[Caption-style text data]
☆ ☆ ☆ ☆ ☆
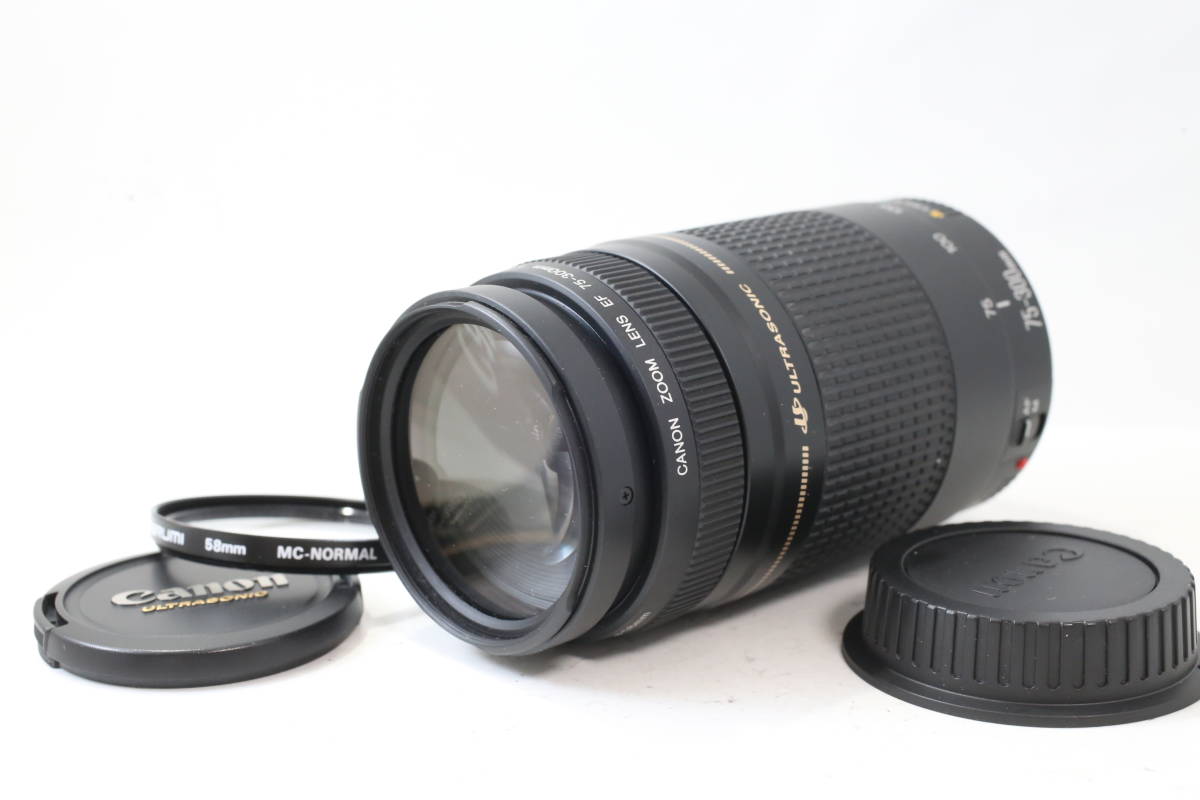 EF 75-300mm F4-5.6 キヤノン Canon USM CANON III - EF75-300mm II IS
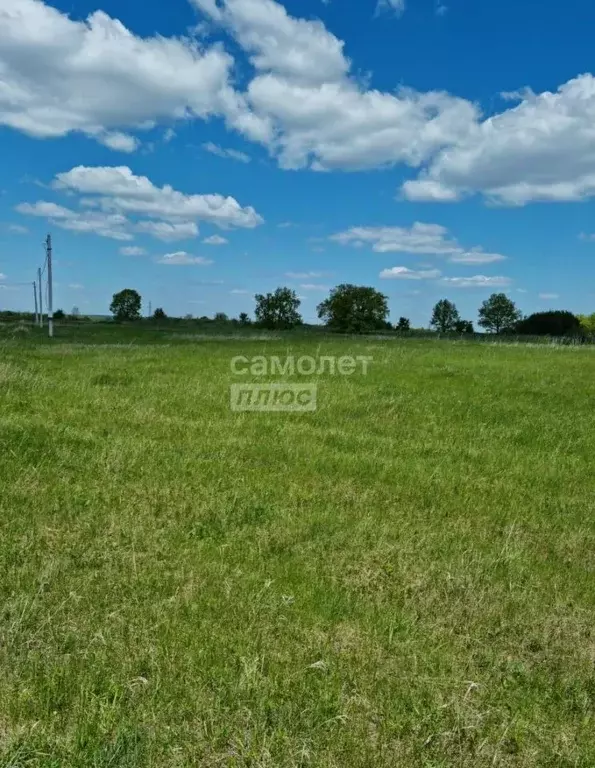 Участок в Татарстан, Мамадышский район, Сокольское с/пос, пос. Новый ... - Фото 1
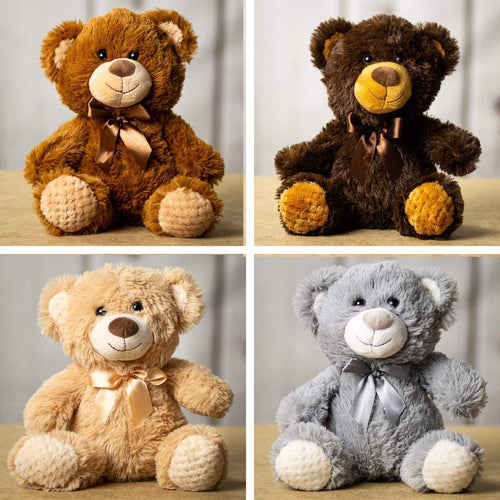 Everyday Teddy Bears Image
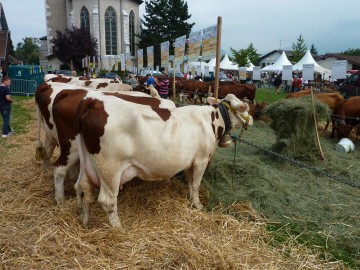 agriculture,le maire,pmtva,aide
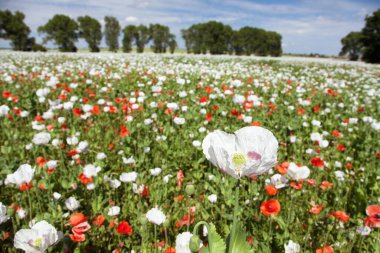 Latin papaver somniferum 'da afyon tarlası, kırmızı gelinciklerle otlanan haşhaş tarlası, Çek Cumhuriyeti' nde gıda endüstrisi için beyaz haşhaş yetiştirilir.
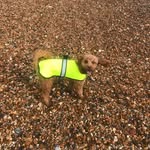 Devon - @devon_charlies_unger_brother - Instagram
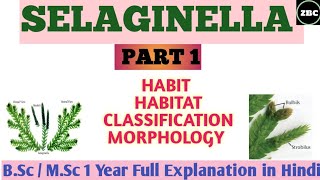 SELAGINELLA  Part 1Classification Habit Habitat Morphology Of SELAGINELLA BSc Msc Notes [upl. by Alleinnad844]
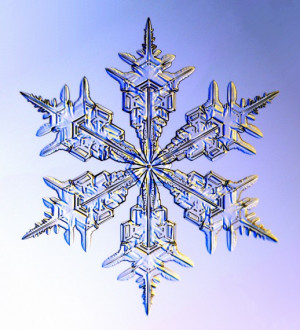 How many different types of snowflakes are there? See the Guide to ...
☆ ☆ ☆ ☆ ☆
• _Work required_
Copy word for word the lines of the records above from the one with "Everyday Teddy Bears Image" up to and including the one with "Devon - @devon_charlies_unger_brother". Skip the pictures.

• _Exercise solution_
 Everyday Teddy Bears Image
 agriculture,le maire,pmtva,aide
 Latin papaver somniferum 'da afyon tarlası, kırmızı gelinciklerle otlanan haşhaş tarlası, Çek Cumhuriyeti' nde gıda endüstrisi için beyaz haşhaş yetiştirilir.
 Devon - @devon_charlies_unger_brother - Instagram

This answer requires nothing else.